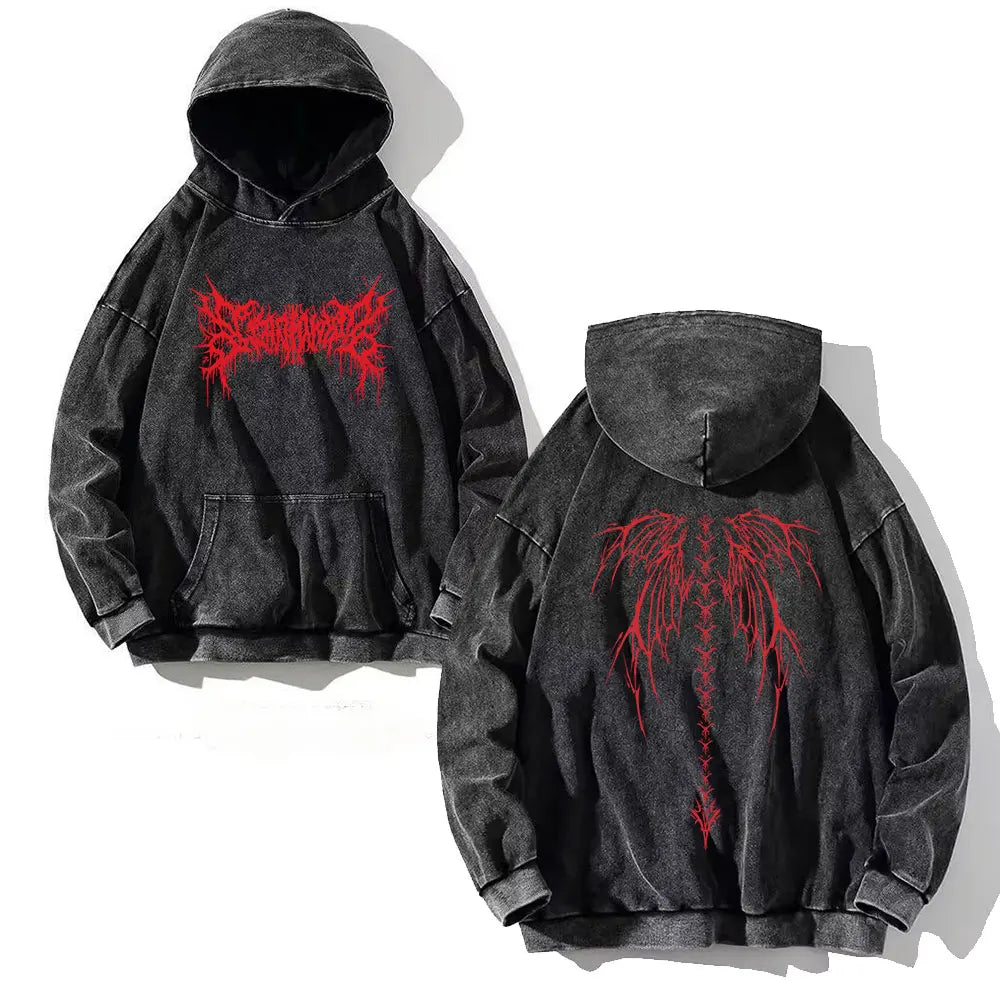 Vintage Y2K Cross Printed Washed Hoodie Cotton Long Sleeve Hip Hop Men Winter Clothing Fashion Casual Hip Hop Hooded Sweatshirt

* * *

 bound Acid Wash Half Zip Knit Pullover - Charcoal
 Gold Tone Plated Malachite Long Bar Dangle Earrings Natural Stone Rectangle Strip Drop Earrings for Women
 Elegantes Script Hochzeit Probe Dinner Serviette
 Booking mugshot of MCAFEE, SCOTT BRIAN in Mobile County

_Exercise:_ Please output exactly the lines between the one holding "Gold Tone Plated" and the one holding "Booking mugshot of" in the records above, inclusive, and nothing more.

_Exercise output:_
 Gold Tone Plated Malachite Long Bar Dangle Earrings Natural Stone Rectangle Strip Drop Earrings for Women
 Elegantes Script Hochzeit Probe Dinner Serviette
 Booking mugshot of MCAFEE, SCOTT BRIAN in Mobile County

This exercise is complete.